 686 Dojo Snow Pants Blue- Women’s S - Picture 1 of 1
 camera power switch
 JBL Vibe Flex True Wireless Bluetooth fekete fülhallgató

▸ What to produce
The complete listing, from first line to last, should be copied verbatim.

▸ Solved exercise
 686 Dojo Snow Pants Blue- Women’s S - Picture 1 of 1
 camera power switch
 JBL Vibe Flex True Wireless Bluetooth fekete fülhallgató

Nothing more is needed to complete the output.